Significant reductions in carbon emissions could be achieved by sustainable forestry practices in the tropics, researchers say — but so far, the world is not taking full advantage of this opportunity to mitigate global warming.
An international team of researchers analyzed the potential for timber production and carbon emission reductions under two logging techniques over a 40-year period of selective logging. They published their results this month in the journal Frontiers in Environmental Science along with their recommendations that the world address tropical forest degradation — the second “D” in the UN’s REDD+ program (which stands for Reduced Emissions from Deforestation and forest Degradation).
Forest degradation refers to losses of commercial timber stocks and the carbon emissions that go with those losses. The researchers note in the study that forest degradation is difficult to evaluate because trees are selectively logged from forests with dense canopies, which frustrates attempts to observe these activities through remote sensing technology. But one thing that is clear, the researchers add, is that selective logging is far more extensive than deforestation.
It’s been estimated that, between 2000 and 2005, humid tropical forest logging had at least 20-times the geographic footprint of deforestation, according to the study. About 500 million hectares (more than 1.2 billion acres) of tropical forests have been degraded, mostly due to over-exploitation by loggers.
And while carbon emissions from this forest degradation typically go unreported, researchers believe they’re most likely equivalent to the levels of emissions from deforestation. Tropical deforestation is responsible for 10 percent of manmade greenhouse gas emissions every year — but that doesn’t include emissions from unnecessarily destructive logging, which also reduces commercial timber stocks and makes forests more prone to burning and clearing, the authors of the study found.
“Unplanned logging by untrained crews causes severe damage to residual forests and leaves behind huge amounts of logging waste,” the study states. ”Unnecessarily large canopy openings coupled with the presence of flammable logging waste also render forests susceptible to destructive fires.”
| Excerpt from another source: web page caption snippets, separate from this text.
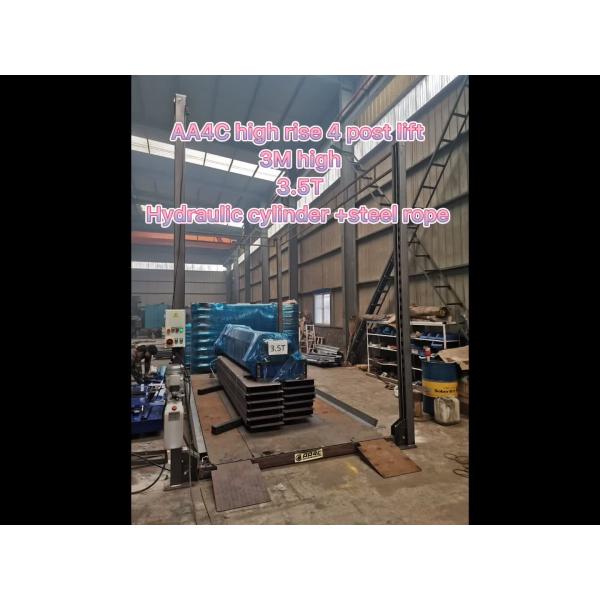 High Lifting Height 4 Post car lift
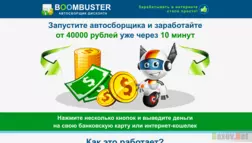 Boombuster - Лохотрон
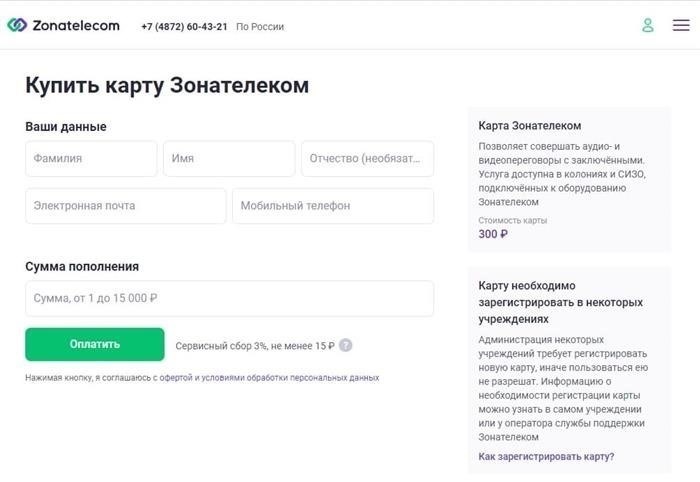 Передачи в СИЗО и ИВС с продуктами питания, сигаретами, одеждой и предметами первой необходимости личной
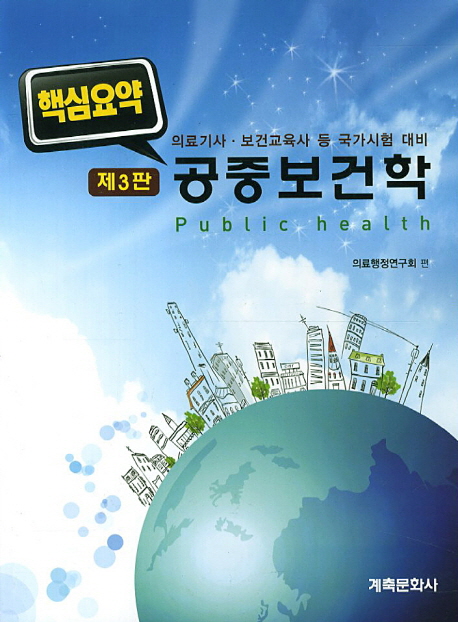 (핵심요약)공중보건학 = Public health : 의료기사·보건교육사 등 국가시험 대비 / 의료행정연...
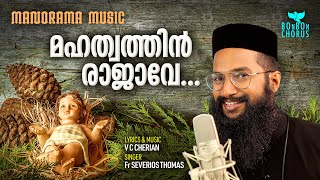 Fr. Severios Thomas | Mahathwathin Rajave | V C Cherian | BonBon Chorus | Christmas Carol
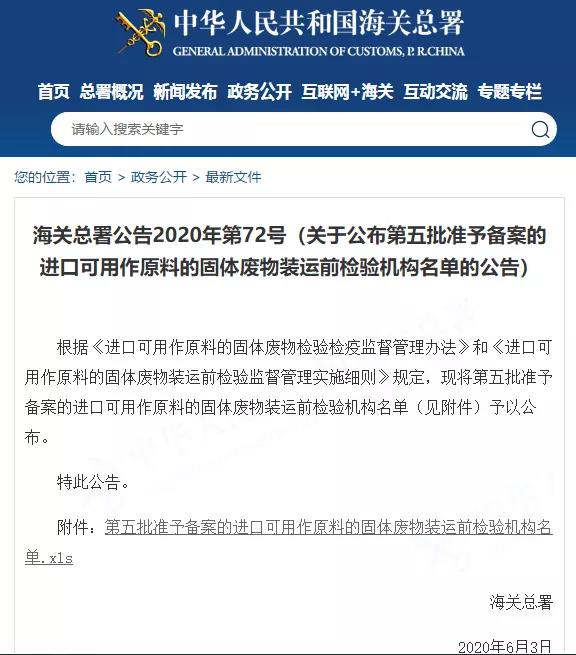 1594171819674367.jpg 微信图片_20200708092616.jpg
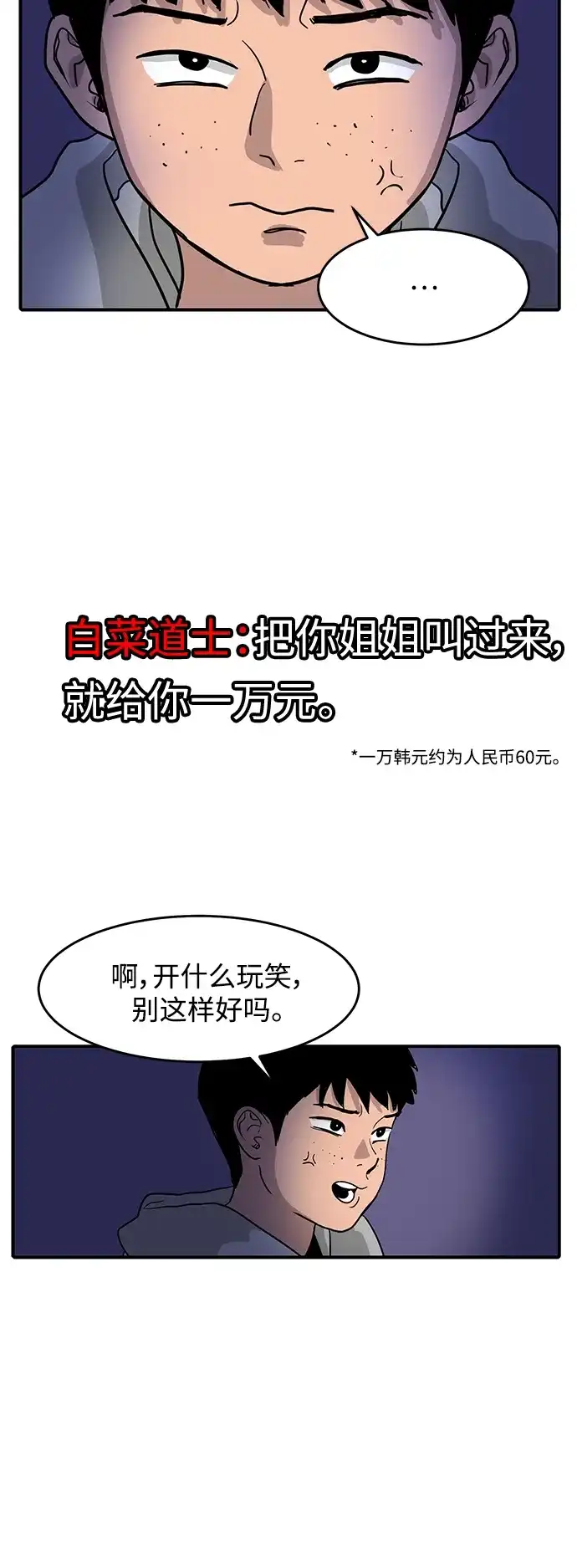 秀熙live 第1话 第37页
Another common problem in the management of tropical production forests is re-entry into logging stands before they have been allowed to recuperate sufficiently to sustain timber yields. The authors of the study found that preventing premature re-entry into previously harvested areas could help those forests retain as much as 34 percent of their carbon stocks.
In order to realize this potential, the authors recommend adoption of reduced-impact logging (RIL) together with new wood processing technologies, which is referred to as RIL+. Switching from conventional logging to RIL, the study’s authors write, can maintain the flow of timber production while allowing for the retention of carbon stocks in production forests. The researchers define RIL as a logging practice with well-defined planning, well-trained logging crews, and supervised implementation of timber harvesting operations.
“RIL involves a series of steps that go from pre-planning of the logging activity to preparation of the logging site, to tactical felling of harvest trees to reduce collateral damage, and finally to protection of logged forest to allow for regeneration,” Gregory Asner of the Carnegie Institution for Science at Stanford University, one of the study’s authors, told Mongabay.
Asner and team found that use of RIL techniques in tropical production forests could reduce carbon emissions equivalent to 29 to 50 percent of net emissions from tropical deforestation and land use change, while also supplying 45 percent of global round-wood demand.
About $2 billion per year would be needed for the adoption of RIL+ in all tropical production forests worldwide. Asner said that the money would mostly be needed for personnel and equipment to carry out RIL+ methods, plus additional funds to ensure that RIL+ methods are certified and enforced.
Meanwile, in the wood processing sector, new technological developments are providing opportunities to increase the use and longevity of wood products. RIL increases the amount of wood products that can be made from any given amount of harvested timber, meaning that adopting RIL can increase carbon storage in long-lived wood products and reduce short-lived wood waste. To encourage the use of advanced technologies for higher carbon retention in wood products, the authors recommend that future climate agreement should include carbon credits for long-lived wood products as eligible for carbon trading schemes.
“Our study suggests that about 28% of the total area of tropical forests (i.e., all the officially designated tropical [production forests]) can be targeted for RIL+,” the team writes in the study. Furthermore, RIL+ can produce 287 million cubic meters of sawnwood per year, while reducing emissions equivalent to 50 percent of carbon emissions from tropical deforestation, increasing carbon storage in sawnwood, and preventing forest fires that are made more likely and more destructive by poorly planned logging operations.
Gregory Asner said that he published numerous works on the issue of tropical forest degradation between 2002 and 2009. But a decade and a half later, little has been done to take advantage of this “win-win-win” for forest conservation, timber production, and climate change mitigation. He’s hoping this new study helps promote awareness of the benefits of RIL+ for forests, the climate, and humanity.
“Improved tropical forest management is an important element of the UNFCCC’s REDD+ scheme that also supports the long-term supply of commercial timber products and safeguards local social welfare and biodiversity,” Asner and team wrote in the study.